Our data indicated that less-publishing countries and institutes tended to accumulate higher citations, which could reflect both interest and ultimately elevate further JIFs. Diversity and inclusion of developing countries would benefit the scientific community as demonstrated during the SARS, MERS, and COVID-19 epidemics, facilitate the adoption of health policies globally, and diversify medical research by increasing international collaborations8.
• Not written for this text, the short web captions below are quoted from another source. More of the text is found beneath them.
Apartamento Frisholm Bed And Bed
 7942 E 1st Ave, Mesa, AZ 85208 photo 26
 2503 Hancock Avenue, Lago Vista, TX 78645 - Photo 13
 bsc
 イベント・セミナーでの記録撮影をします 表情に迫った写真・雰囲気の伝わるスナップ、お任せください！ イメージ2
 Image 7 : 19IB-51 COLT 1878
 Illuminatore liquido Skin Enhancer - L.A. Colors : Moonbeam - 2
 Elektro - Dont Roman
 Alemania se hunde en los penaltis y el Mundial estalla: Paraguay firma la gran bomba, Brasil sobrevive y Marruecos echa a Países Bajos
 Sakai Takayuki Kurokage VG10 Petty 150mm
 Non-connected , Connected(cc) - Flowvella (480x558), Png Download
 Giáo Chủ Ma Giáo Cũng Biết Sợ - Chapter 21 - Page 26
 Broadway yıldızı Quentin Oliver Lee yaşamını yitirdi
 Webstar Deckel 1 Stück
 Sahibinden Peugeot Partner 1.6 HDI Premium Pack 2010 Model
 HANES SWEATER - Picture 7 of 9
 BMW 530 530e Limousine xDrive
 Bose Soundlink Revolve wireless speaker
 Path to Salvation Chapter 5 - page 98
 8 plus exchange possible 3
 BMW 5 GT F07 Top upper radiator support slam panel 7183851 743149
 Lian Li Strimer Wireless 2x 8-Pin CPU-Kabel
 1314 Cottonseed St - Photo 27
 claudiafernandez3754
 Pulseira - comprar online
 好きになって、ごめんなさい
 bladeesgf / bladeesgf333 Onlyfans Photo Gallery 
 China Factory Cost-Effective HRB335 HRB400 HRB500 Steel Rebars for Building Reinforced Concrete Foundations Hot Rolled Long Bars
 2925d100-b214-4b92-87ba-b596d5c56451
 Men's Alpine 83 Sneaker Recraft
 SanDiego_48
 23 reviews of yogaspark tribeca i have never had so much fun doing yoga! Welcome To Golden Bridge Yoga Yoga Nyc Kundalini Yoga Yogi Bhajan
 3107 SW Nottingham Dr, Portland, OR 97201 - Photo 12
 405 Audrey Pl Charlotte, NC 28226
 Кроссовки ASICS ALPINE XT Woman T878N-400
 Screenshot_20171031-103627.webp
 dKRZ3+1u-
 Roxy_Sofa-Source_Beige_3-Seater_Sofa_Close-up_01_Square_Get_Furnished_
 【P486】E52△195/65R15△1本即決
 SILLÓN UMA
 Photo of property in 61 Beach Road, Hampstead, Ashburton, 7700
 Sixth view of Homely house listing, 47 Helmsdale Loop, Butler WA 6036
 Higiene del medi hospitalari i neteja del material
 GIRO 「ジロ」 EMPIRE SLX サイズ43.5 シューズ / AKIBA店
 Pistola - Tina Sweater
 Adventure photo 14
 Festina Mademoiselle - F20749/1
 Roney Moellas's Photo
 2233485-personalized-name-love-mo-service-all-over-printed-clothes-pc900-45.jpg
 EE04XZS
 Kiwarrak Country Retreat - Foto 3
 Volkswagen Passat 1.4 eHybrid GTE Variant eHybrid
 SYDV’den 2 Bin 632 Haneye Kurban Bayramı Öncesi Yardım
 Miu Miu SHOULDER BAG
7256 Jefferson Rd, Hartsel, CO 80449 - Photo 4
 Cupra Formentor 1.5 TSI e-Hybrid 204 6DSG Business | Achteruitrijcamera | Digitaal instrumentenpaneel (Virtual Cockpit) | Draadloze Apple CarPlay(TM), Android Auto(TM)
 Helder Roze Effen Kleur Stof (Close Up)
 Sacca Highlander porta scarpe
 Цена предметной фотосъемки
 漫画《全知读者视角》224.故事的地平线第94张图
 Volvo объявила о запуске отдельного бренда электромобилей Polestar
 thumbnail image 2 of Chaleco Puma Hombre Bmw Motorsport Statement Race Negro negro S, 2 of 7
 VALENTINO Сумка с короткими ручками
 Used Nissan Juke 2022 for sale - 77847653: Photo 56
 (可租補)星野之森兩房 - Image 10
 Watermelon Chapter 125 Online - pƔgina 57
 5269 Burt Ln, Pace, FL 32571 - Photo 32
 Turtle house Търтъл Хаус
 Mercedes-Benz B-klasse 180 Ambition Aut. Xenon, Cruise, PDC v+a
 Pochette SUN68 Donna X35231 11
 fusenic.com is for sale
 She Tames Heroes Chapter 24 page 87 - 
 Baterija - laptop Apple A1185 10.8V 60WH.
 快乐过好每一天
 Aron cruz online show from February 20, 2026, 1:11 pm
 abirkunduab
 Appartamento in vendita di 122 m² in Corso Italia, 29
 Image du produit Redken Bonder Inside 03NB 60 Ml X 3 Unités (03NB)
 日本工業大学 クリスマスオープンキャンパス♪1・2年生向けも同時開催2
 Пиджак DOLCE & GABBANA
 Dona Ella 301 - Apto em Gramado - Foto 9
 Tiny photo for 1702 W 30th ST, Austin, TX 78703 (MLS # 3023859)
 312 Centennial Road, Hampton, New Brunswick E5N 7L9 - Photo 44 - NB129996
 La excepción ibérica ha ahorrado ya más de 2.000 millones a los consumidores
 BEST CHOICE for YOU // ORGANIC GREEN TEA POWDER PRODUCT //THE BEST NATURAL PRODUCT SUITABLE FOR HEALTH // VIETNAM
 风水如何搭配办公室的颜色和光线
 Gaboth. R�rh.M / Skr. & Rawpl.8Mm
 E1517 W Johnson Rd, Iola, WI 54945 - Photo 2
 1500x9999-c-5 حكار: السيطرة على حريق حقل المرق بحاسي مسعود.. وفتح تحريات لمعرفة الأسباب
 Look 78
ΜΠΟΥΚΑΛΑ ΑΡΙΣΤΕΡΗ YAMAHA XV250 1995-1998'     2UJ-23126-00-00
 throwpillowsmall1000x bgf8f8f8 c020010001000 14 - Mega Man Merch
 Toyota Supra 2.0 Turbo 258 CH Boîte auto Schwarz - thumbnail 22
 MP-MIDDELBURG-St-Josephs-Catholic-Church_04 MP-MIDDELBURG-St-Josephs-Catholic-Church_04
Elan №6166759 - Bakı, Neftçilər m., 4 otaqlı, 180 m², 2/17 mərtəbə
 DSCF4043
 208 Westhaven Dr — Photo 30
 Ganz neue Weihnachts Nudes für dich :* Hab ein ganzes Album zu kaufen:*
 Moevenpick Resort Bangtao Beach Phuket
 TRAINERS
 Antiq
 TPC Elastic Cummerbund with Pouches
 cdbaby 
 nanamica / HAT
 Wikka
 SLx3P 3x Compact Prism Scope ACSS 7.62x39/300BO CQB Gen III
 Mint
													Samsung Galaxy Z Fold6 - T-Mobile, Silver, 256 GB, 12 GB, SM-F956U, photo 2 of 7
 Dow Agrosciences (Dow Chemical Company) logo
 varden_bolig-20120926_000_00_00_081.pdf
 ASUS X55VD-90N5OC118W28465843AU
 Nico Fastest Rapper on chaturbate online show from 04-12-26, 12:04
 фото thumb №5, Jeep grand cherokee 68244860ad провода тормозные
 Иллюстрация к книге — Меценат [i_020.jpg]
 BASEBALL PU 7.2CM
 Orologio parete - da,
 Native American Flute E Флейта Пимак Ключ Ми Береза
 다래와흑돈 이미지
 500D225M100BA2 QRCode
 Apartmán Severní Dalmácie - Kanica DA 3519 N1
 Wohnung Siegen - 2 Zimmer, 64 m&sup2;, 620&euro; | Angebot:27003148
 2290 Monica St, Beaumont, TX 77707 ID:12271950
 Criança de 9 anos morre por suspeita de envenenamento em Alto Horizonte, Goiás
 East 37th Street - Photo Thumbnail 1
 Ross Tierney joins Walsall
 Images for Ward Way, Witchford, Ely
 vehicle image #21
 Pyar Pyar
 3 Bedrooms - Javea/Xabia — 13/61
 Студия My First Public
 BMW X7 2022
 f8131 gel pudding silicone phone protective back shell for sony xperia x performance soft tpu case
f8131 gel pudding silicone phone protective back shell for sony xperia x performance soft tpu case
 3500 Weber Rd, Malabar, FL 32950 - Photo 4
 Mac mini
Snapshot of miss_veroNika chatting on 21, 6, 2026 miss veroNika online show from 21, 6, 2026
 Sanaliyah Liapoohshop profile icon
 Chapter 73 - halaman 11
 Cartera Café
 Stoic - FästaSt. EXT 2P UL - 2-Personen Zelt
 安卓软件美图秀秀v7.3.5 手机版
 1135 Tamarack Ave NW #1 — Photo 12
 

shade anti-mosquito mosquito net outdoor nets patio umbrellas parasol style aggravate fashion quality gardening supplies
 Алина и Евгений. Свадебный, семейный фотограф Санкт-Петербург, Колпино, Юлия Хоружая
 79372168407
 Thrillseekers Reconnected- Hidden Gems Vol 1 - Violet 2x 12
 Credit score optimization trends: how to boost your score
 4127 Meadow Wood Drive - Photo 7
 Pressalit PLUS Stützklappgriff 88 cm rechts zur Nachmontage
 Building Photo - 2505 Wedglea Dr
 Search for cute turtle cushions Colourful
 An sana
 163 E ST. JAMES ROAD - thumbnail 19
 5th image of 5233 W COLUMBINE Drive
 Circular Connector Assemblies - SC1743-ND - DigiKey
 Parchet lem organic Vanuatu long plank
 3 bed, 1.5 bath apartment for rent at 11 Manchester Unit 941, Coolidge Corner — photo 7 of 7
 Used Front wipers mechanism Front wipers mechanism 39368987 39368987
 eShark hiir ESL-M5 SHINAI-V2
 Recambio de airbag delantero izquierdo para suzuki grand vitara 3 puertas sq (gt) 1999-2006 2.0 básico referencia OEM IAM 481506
When examining international citation patterns, we identified considerable domestic preference. The nationality of the research institute accounted for 74.5% of the international citation variance. In addition, the DSCI varied 8-fold between the studied countries emphasizing that further research in citation patterns is needed. The results are in line with a study reporting that 85% of the variability of the scientific journalism coverage of 22 newspapers focused on domestic research9. Similar findings in citation patterns have also been observed in global science emphasizing the amplitude of the phenomenon10. However, we also observed international citing clusters reflecting likely similar research interests and collaborations.

We limited the scope of this study to available geographical data recorded in scientific indexing databases. Therefore, for example ethnical, socioeconomical, career-stage, and gender disparity was not examined. Similarly, the number of submissions and geographical coverage of reviewers are unavailable, while these could help to further interpret the results. While the study examined only journals covering all medical fields, we postulate that the findings can be equally reproducible in journals specialized to distinct medical domains.

In summary, this computational audit of author affiliations in top medical journals revealed the Anglocentric dominance embodied as publication excess in relation to their accumulated citation and domestic preference by journals. Based on longitudinal data, the international representation gap in top medical journals is gradually decreasing.